What about a replacement for the D610? According to the rumors, the D610 will be discontinued, with the D760 replacing both models to become Nikon's sole entry-level full-frame DSLR camera.
As far as the D760's specification goes, rumors suggest (although bear in mind that these will get much more accurate as the launch gets closer and new information comes to light) that it will shoot 4K video, while the ISO button will move to the area near the shutter release – something with seen on other recent advanced Nikon DSLRs.
We may also see the welcome addition of an AF-On button on the back of the camera (something that was missing on the D750), while the D760 could get a AF joystick selector, and we can expect minor changes to the overall button placement compared to the D750. The new camera is also set to get an overhauled AF system – there's no additional details on this, but expect more AF points than the current 51 available on the D750.

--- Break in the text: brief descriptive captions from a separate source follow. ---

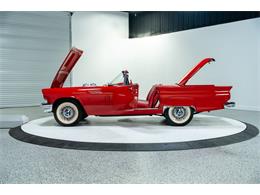 1957 Ford Thunderbird (CC-2108255) for sale in Madisonville, Texas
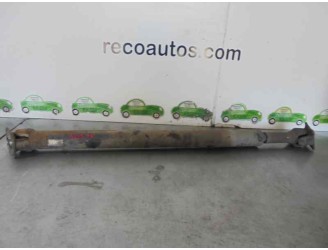 Recambio de transmision trasera para kia sportage 2.0 turbodiesel cat referencia OEM IAM KO1825100B  BURRA 2 LADO B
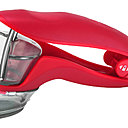 Avec le dénoyauteur Zyliss, un clafoutis aux cerises devient un jeu d'enfant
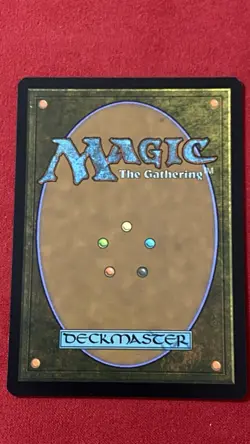 Force Of Will X1 Mtg Double Masters 2020 LP - Image 2
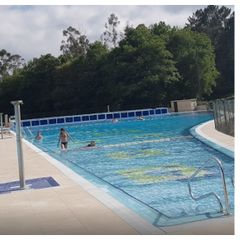 Camping Caniza - Camping Pontevedra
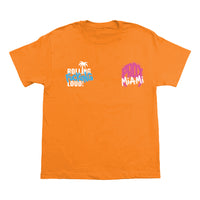 ROLLING F****** LOUD EXCLUSIVE "HARD ROCK STADIUM" (ORANGE)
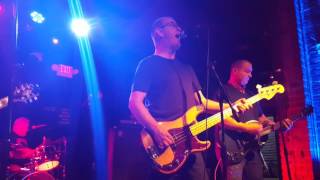 The Strike &quot;Cry Of The Youth&quot; &amp; &quot;When The War is Over&quot; @ Voltage Lounge, Philadelphia, PA 11/26/16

What about the resolution?
We're speculating now, but we wouldn't be surprised if the new D760 used Sony's rumored full-frame 36MP sensor (or a variant of it). This new sensor promises 10fps shooting speeds at a depth of 16bit, while it's also claimed that it will feature on-chip phase-detect AF, improving the D760's live view performance.
The sensor is also said to use a new dual-gain ADC mode, which promises to improve dynamic range by almost two stops.
As always, we'll bring you more details of Nikon's plans as soon as we have them.